Last weekend's record-setting performance leaves a big standard to live up to that won't be reached. In fact, this week's three openers are unlikely to match 300's opening weekend from last frame.
Weekend Forecast for March 16-18, 2007
By Reagen Sulewski
March 16, 2007
Premonition leads the way among them. In it, Sandra Bullock plays a housewife who sees her husband (played by Julian McMahon) die in a fiery auto crash, only to wake up beside him the next morning. As she realizes that this is a vision of the future, her next step is to try and prevent it from happening in the first place.
This is Bullock's second straight film that plays with temporality after The Lake House although this one aims a bit more at the thriller angle than Lake House's romantic bent. Even though Bullock has been down of late as a draw, she's still a respectable and remarkably consistent box office pull in the low teens. I think this one throws a bit under her recent fare, and doesn't seem to have that zing that some of her recent films have had, and the lack of a true romantic angle hurts as well. Reviews have been brutal, but even at that, it should come in with about $12 million for the weekend as the week's top new film.
Chris Rock returns to the director's chair for I Think I Love My Wife, this weekend's actual romantic effort. A remake of the 1972 French film Love in the Afternoon, it sees Rock as a domesticated married man who finds himself tested and tempted by a friend's old lover. Considering his wife in the film is played by Gina Torres, he's potentially risking his life by cheating on her, but I digress.
Fans of his standup career can definitely see his influence in this film, with a several bits recycled from his act. That's both a blessing and a curse, as it's really nothing new for those fans. It appears that Rock is trying to emulate the middle career of Steve Martin, a la the Parenthood/Father of the Bride era. He doesn't have quite the pull to be able to match that, but this might be a first step. Unfortunately, this one also appears to be a bit of a dog, though Rock's fame might bring people in for one weekend. Launching at just under 1,800 venues, it should see about $10 million on the weekend.
Lastly we have Dead Silence, which doubles as both the horror entry of the weekend as well as the "are they kidding us?" film of the weekend. From the director of Saw, Dead Silence is your typical "cursed town" story, although this one features as its scare... ventriloquism dummies. So they got that goin' for them.
OK, so you might be saying to yourself, "but I'm terrified of clowns and dolls and inanimate things that look like humans! And what about Chucky?" And I say, pull yourselves together! Besides, the Child's Play movies sucked, except for the Ronnie Yu ones (and even then). Honestly, this looks like one of the more embarrassing horror movies to come down the pike in quite some time, and if it weren't for the Saw connection, would likely be a STDVD release. Then again, any old horror flick seems to make money these days. Seeing a fairly tiny release at about 1,800 venues, Dead Silence should come in with about $6 million.

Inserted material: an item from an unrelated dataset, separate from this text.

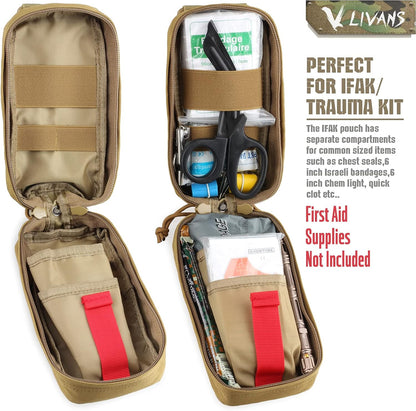 LIVANS Tactical MOLLE Medical Pouch, Rip-Away EMT First Aid Pouch IFAK Trauma Kit Everyday Carry Survival Bag Include Cross Patch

These feeble releases are no match for the second weekend of 300, even if I don't expect legs for it. The adaptation of Frank Miller's comic book was a runaway smash success, opening to $70 million, a March record. Filled with stylized battles, gore and violence, it was in some ways a very surprising hit, with no recognizable stars, but it capitalized on its unique style. The audience for this film pretty much defines fanboy, and while that occasionally can lead to legs (see: Spider-Man), I don't see that happening here. There's very little crossover potential beyond the early adopters for the film. Look for a substantial dropoff this weekend to about $38 million.
Wild Hogs surprised many by staying strong in its second weekend with $27 million. It's since moved over $80 million total, and should pass the $100 million milestone in this its third weekend. The lowbrow comedy has done very well in capturing the middle-aged market, and should see another $16 million this weekend.
No other returning films will earn over $5 million this weekend, though Bridge to Terabitha remains a strong family film performer and Ghost Rider is to date still 2007's top earner (not for long, though). Last weekend's single massive opener has left us with a rather top-heavy slate of films at the box office for the next little while.